Task directions:
Could you copy exactly the lines below, beginning at the line with "MÁDARA SKINONYM Semi-Matte" and stopping after the line with "w sklepie Wasserman.eu", with no pictures?

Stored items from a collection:
§
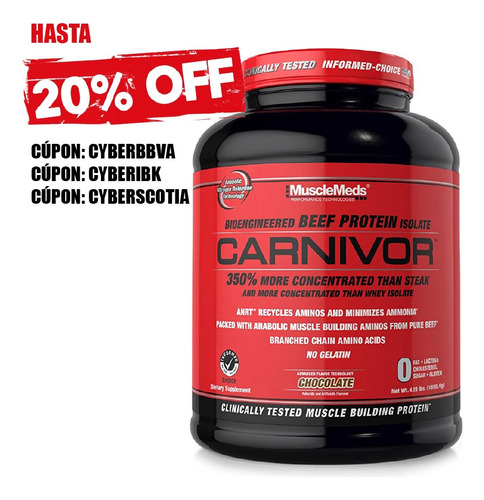 Beef Protein Isolate Carnivor Musclemeds 4.19 Lb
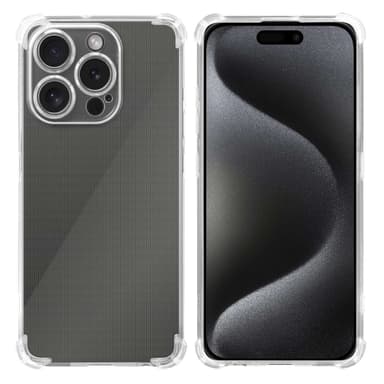 iPhone 15 PRO Skal Fodral Case (Genomskinlig)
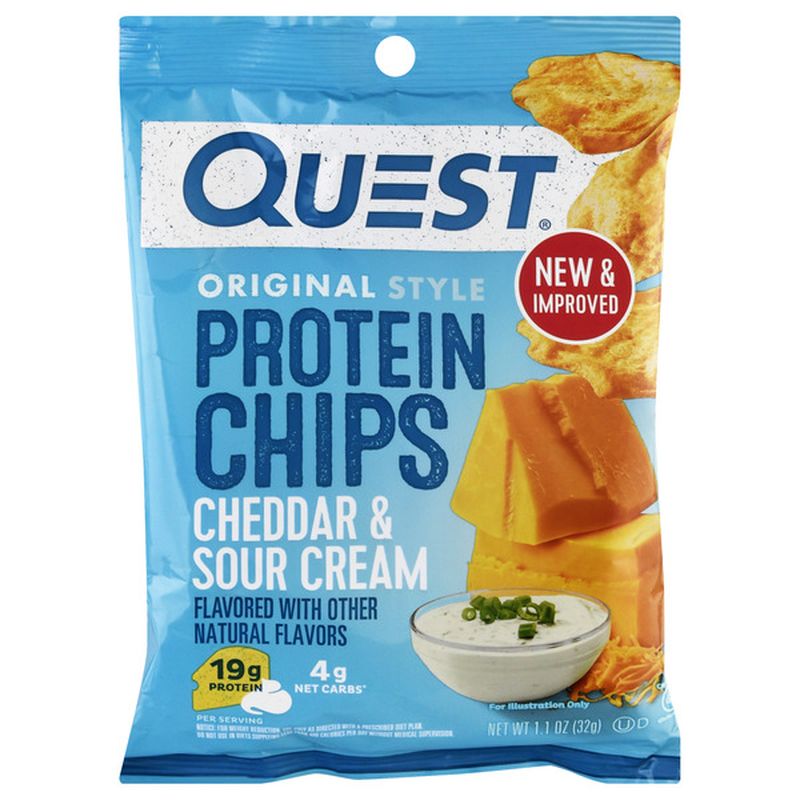 Quest Protein Chips, Cheddar & Sour Cream, Original Style Wegmans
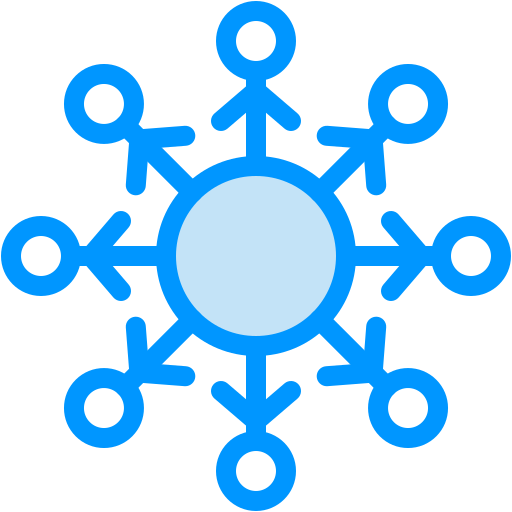 Viral marketing Generic Blue icon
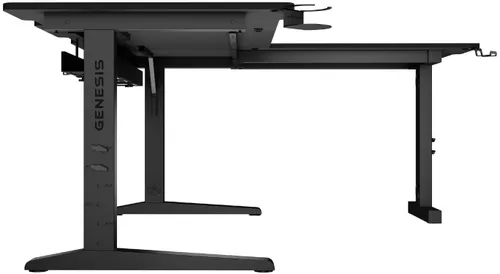 Biurko gamingowe narożne GENESIS Holm Modular 160 Czarny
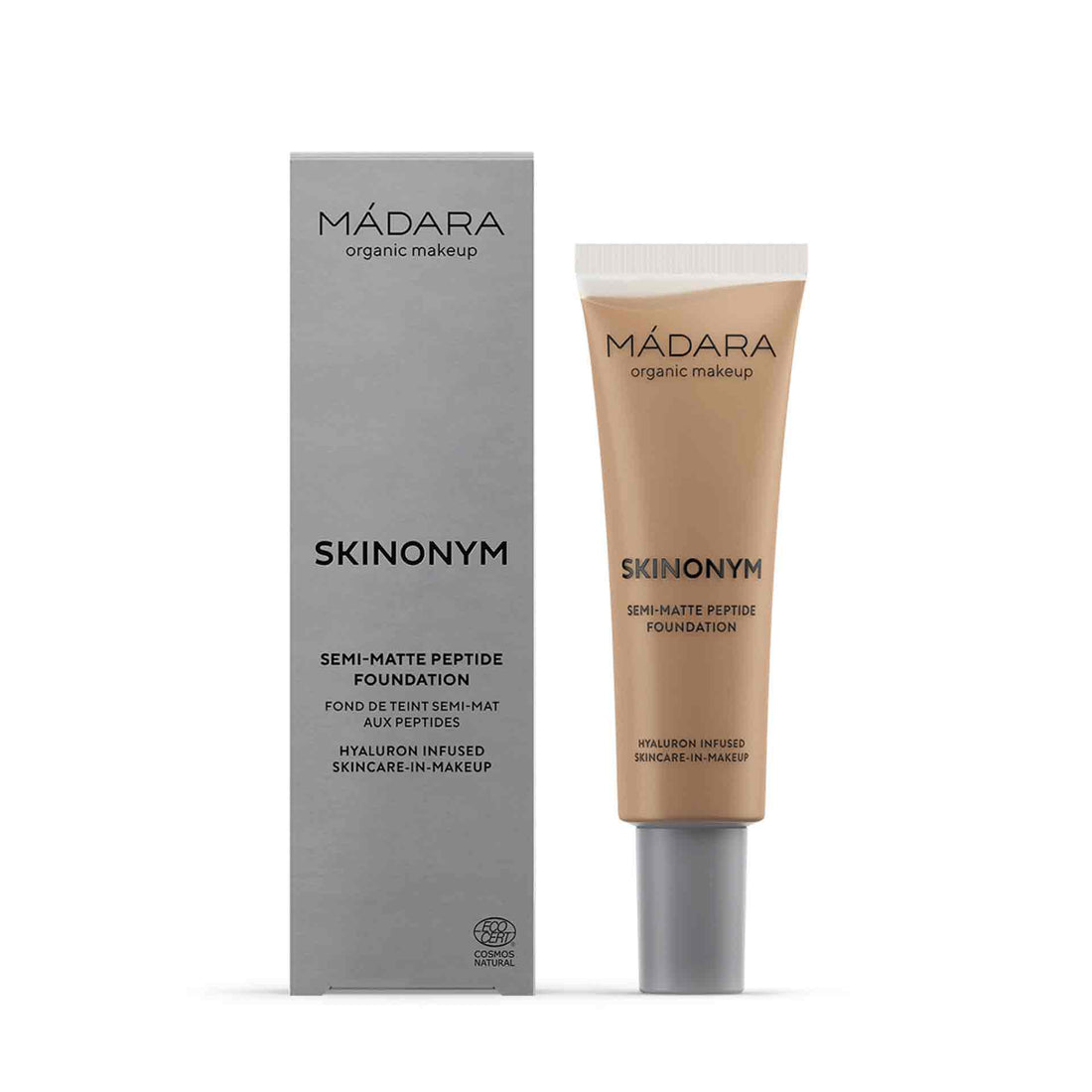 MÁDARA SKINONYM Semi-Matte Peptide Foundation, 60 OLIVE 30 ml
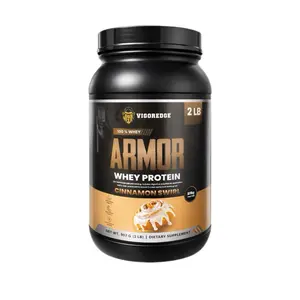 VigorEdge Whey Protein 2lb: 24g-25g Whey Blend & Digestive Enzymes protein Powder | Muscle Supplement Nutrition.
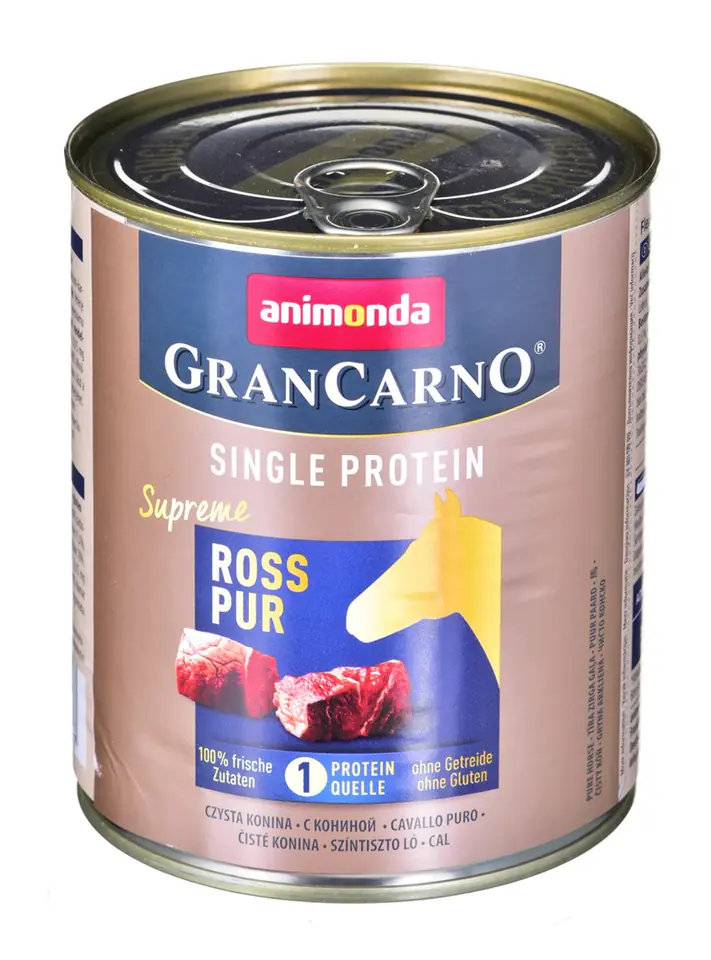 ⁨ANIMONDA GranCarno Single Protein: konina - mokra karma dla psa - 800g⁩ w sklepie Wasserman.eu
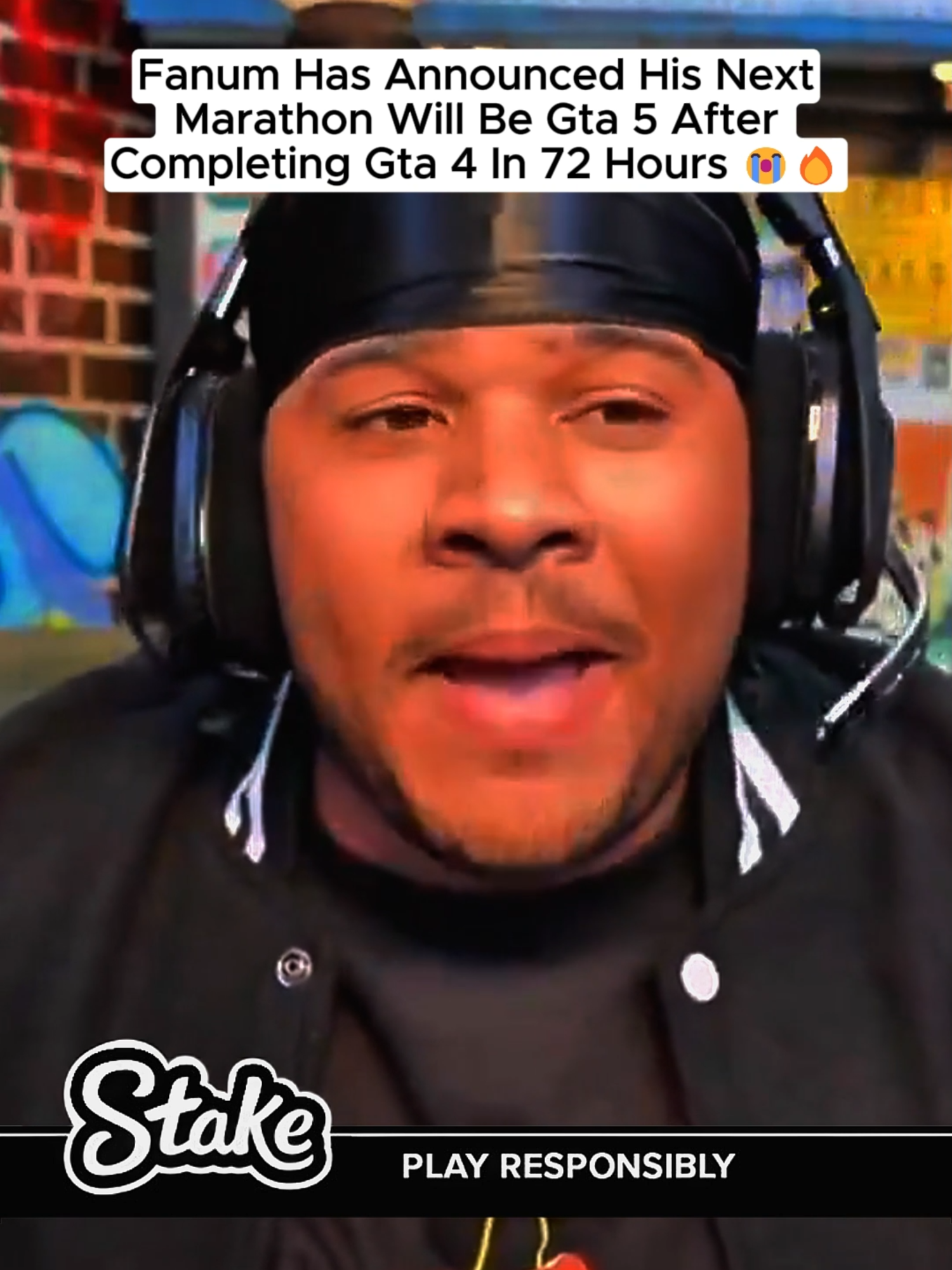 Fanum Has Announced His Next Marathon Will Be Gta 5 After Completing Gta 4 In 72 Hours 😭🔥#fanum #fyp #viral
§
Completed exercise:
 MÁDARA SKINONYM Semi-Matte Peptide Foundation, 60 OLIVE 30 ml
 VigorEdge Whey Protein 2lb: 24g-25g Whey Blend & Digestive Enzymes protein Powder | Muscle Supplement Nutrition.
 ⁨ANIMONDA GranCarno Single Protein: konina - mokra karma dla psa - 800g⁩ w sklepie Wasserman.eu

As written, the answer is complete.